BEGIN DATA RECORDS
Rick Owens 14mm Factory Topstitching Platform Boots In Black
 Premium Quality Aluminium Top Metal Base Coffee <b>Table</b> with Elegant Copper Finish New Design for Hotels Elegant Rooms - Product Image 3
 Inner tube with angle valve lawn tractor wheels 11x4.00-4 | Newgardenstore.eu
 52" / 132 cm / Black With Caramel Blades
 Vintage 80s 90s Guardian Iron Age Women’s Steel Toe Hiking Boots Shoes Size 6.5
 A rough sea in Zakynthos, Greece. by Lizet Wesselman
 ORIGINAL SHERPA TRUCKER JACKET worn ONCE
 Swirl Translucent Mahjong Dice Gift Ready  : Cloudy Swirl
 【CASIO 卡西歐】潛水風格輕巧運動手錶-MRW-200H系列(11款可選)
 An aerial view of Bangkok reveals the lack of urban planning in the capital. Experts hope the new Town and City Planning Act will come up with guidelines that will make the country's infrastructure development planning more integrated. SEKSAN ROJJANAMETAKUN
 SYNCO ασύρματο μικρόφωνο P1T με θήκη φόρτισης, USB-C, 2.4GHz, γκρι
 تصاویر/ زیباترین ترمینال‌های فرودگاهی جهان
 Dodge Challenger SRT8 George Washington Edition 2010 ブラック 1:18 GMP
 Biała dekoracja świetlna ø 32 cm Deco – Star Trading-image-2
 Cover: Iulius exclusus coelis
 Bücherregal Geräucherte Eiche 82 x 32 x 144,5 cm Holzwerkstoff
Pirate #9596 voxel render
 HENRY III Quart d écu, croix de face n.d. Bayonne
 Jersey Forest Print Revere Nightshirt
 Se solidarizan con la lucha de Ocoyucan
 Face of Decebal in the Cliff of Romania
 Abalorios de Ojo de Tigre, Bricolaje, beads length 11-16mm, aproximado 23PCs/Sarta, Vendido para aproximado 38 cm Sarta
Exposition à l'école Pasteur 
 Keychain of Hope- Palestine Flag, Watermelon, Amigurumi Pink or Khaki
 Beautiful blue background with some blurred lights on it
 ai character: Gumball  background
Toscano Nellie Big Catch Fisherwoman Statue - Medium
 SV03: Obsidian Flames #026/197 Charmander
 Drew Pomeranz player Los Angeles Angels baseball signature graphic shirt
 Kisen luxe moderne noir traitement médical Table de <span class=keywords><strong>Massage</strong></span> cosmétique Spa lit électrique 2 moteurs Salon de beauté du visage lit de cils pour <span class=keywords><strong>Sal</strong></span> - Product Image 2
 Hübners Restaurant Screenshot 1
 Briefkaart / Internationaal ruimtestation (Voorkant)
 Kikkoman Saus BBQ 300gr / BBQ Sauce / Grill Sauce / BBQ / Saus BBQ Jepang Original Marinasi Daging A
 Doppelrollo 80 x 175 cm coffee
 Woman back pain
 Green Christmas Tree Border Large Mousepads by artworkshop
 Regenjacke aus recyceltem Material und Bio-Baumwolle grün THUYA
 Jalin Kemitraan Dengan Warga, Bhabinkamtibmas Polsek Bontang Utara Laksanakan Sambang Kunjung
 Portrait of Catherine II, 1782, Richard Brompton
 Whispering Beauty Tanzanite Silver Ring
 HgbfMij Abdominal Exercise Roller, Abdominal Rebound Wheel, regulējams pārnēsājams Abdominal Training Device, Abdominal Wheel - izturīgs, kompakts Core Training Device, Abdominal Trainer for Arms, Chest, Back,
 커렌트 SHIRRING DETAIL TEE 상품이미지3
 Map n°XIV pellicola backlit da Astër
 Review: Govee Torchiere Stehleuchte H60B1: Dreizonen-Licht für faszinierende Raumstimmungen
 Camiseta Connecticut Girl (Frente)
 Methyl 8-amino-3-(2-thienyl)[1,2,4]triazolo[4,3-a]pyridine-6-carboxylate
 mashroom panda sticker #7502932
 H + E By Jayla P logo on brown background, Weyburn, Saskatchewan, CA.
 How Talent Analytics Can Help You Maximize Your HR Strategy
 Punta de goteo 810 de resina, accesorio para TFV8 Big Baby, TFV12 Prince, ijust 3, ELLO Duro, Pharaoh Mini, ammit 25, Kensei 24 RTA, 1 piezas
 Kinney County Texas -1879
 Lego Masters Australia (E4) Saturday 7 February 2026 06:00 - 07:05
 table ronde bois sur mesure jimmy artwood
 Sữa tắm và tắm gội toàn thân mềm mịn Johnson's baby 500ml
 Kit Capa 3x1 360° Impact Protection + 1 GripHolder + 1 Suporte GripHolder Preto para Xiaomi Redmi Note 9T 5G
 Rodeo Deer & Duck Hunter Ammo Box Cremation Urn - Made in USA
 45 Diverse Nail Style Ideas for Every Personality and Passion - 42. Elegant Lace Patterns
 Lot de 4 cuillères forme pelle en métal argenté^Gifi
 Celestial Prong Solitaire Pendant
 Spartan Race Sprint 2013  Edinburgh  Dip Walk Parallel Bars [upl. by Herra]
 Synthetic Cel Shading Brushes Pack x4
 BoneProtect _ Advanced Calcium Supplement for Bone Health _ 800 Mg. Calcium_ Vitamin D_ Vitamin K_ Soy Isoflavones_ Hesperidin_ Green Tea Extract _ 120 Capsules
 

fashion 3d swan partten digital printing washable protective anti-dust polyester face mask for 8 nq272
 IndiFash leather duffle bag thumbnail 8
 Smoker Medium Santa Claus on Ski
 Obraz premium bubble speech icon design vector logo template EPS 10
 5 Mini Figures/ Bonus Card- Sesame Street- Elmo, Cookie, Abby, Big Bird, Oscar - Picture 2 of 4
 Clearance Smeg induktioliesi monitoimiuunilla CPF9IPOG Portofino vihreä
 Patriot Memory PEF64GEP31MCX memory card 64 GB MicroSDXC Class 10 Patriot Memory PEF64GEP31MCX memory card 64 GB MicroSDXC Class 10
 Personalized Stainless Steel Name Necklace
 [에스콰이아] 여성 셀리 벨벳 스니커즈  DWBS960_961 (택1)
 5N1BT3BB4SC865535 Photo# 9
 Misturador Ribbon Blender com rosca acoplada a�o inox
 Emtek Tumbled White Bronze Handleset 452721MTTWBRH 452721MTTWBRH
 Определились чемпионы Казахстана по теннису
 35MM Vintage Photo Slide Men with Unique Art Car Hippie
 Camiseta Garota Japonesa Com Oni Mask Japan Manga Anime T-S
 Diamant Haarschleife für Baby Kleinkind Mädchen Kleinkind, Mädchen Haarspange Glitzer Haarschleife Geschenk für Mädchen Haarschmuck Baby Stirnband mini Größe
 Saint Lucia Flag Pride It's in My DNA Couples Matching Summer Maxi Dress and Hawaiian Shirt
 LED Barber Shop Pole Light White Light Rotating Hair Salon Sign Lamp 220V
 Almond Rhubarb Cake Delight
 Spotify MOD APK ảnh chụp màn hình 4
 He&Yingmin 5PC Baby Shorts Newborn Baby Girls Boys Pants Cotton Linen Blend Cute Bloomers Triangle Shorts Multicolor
END DATA RECORDS
AIM OF THE EXERCISE>
Scan the data above. Return every line with "Camiseta" in it.

RESULT BELOW>
 Camiseta Connecticut Girl (Frente)
 Camiseta Garota Japonesa Com Oni Mask Japan Manga Anime T-S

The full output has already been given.